A new theory called the Many Interacting Worlds (MIW) suggests that parallel worlds exist, and their mutual interaction gives rise to the weird quantum effects observed in nature.

But, this does not mean we can talk to our better selves in parallel worlds, like Coop does in Nolan's Interstellar.

The interacting worlds proposed by a Texas physicist are very close to each other, as close as nanoscales.

Quantum mechanics, that explains the world of atoms and quarks, confers certain weirdness on the world by referring to objects in terms of the wave function. This only gives a probability of finding an object at a certain position and time.

Hence, the world is not well-defined.

Texas Tech University chemical physicist Bill Poirier's theory does away with the wave and gives a classical world status to quantum reality.

Multiple, classical-like worlds give an object differing, but definite attributes in each by chucking away the probability.

In short, it is a well-defined world.

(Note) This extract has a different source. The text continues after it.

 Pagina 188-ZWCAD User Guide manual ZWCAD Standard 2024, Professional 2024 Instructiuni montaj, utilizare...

Or, quantum mechanics without the wave function!

Within each world, objects interact with each other classically (defined by Newton's laws) but quantum effects are the results of interactions between objects in parallel worlds.

Poirier clarifies to Huffington Post that only very close by worlds interact, and these are imperceptibly different from each other.

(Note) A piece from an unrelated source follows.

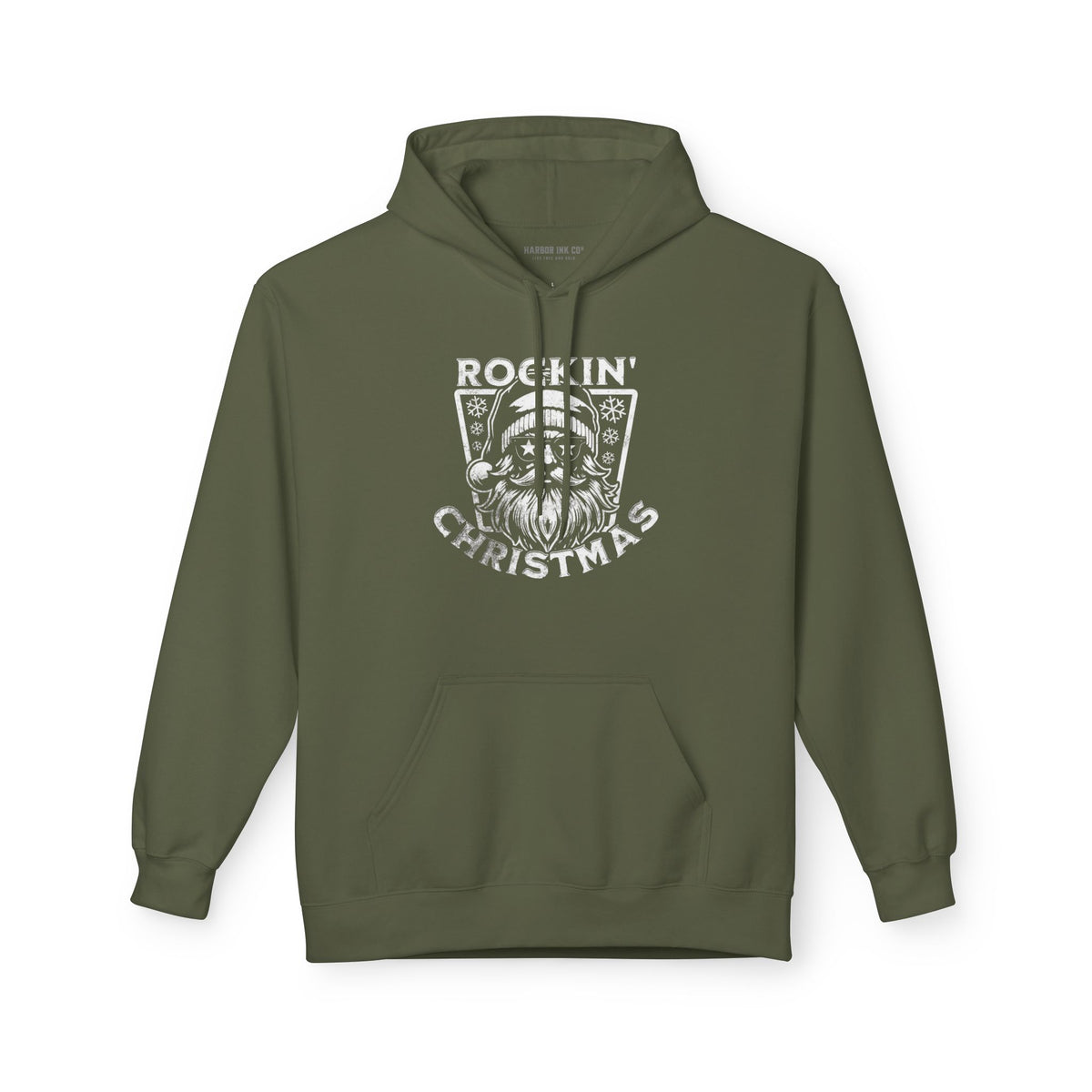Rockin' Christmas Unisex Midweight Softstyle Fleece Hoodie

While the distance between each particle and its copy must be in the nanoscopic scale, different particles themselves do not need to be close together in order to experience quantum effects.

Quantum weirdness
In quantum entanglement, a pair of particles once entangled retain their 'memory' of each other even when separated by worlds. This has been tested but on smaller scales than worlds.

In fact, quite recently scientists demonstrated this by using an image taken by light that never saw the object.

Poirier says his theory can account for entanglement.

The MIW theory does not oppose existing theories but merely fits its mathematics into observed phenomena. In fact, its mathematics is equivalent to that of standard wave function-based quantum mechanics.

An earlier interpretation of quantum mechanics by Hugh Everett in the 50s had proposed what is now called the "many-worlds interpretation" (MWI) of quantum mechanics. But it spoke of worlds that continually "branch" into new worlds over time, but do not interact.

The new MIW worlds never branch out but they interact.

As the MIW fits in with experimental observations, it could be correct, says Poirier in the study published in Physical Review X.